PROBLEM REQUIREMENTS: From the line below that contains "ELTRAZONE Portable Cordless" to the line that contains "Bathroom symbols shower, bubbles, toilet, mirror, shampoo, steam", repeat every line exactly, both ends included, and nothing else.

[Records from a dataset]
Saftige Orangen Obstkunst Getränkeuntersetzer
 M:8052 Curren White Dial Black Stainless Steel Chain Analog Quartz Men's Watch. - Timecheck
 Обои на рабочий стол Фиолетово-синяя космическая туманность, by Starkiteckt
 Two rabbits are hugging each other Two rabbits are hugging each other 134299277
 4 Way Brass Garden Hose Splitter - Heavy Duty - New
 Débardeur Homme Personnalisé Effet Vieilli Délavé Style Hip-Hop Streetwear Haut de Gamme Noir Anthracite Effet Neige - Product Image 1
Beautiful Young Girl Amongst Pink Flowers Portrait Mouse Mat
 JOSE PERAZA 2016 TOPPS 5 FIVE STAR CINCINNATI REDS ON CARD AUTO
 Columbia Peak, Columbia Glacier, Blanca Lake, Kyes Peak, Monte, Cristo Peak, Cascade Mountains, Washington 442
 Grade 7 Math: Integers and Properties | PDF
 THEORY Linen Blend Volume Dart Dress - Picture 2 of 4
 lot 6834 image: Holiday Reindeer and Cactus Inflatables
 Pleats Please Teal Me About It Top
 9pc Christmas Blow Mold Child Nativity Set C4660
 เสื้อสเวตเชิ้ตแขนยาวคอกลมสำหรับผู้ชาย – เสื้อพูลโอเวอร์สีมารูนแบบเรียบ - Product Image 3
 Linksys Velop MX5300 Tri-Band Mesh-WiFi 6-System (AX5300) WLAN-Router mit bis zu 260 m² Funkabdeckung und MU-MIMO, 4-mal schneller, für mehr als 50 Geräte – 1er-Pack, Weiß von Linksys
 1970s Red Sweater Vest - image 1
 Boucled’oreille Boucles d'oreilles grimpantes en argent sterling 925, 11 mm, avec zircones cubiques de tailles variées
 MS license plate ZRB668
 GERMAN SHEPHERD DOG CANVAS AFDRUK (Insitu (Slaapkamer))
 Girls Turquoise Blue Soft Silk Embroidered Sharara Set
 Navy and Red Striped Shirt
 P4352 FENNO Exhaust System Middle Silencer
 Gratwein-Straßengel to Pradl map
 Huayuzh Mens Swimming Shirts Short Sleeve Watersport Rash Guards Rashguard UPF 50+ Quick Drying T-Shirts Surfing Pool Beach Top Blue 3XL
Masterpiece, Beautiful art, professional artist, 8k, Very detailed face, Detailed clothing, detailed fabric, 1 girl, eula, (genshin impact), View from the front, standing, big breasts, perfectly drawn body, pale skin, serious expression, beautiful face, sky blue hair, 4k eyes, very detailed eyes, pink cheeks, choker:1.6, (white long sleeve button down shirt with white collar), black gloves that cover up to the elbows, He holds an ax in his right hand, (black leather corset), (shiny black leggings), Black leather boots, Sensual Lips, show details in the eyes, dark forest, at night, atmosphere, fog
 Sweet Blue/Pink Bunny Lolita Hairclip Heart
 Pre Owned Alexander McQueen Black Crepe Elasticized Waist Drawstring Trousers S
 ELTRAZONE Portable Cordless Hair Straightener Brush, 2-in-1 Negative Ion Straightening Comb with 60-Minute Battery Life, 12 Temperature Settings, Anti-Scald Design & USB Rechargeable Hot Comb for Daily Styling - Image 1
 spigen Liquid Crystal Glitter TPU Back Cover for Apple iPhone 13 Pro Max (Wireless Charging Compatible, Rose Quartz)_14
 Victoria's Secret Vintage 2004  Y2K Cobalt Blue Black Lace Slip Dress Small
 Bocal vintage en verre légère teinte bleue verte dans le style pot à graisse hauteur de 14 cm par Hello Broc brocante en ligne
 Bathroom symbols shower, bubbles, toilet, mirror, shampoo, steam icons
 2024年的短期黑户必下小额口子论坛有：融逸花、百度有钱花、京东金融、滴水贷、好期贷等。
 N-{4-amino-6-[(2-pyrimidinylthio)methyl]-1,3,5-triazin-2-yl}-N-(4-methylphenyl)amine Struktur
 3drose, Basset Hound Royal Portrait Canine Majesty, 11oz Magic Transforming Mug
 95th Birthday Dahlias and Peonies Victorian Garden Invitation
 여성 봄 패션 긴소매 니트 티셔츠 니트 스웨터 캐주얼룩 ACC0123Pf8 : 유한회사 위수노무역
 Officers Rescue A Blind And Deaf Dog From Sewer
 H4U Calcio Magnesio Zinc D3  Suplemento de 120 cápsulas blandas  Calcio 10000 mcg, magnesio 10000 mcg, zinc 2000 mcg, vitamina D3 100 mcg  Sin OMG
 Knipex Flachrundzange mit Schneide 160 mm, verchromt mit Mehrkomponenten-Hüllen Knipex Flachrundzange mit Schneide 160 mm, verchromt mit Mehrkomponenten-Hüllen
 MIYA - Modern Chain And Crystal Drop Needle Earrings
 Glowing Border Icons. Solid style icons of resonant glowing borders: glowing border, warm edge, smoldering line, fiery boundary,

EXERCISE RESULT:
 ELTRAZONE Portable Cordless Hair Straightener Brush, 2-in-1 Negative Ion Straightening Comb with 60-Minute Battery Life, 12 Temperature Settings, Anti-Scald Design & USB Rechargeable Hot Comb for Daily Styling - Image 1
 spigen Liquid Crystal Glitter TPU Back Cover for Apple iPhone 13 Pro Max (Wireless Charging Compatible, Rose Quartz)_14
 Victoria's Secret Vintage 2004  Y2K Cobalt Blue Black Lace Slip Dress Small
 Bocal vintage en verre légère teinte bleue verte dans le style pot à graisse hauteur de 14 cm par Hello Broc brocante en ligne
 Bathroom symbols shower, bubbles, toilet, mirror, shampoo, steam icons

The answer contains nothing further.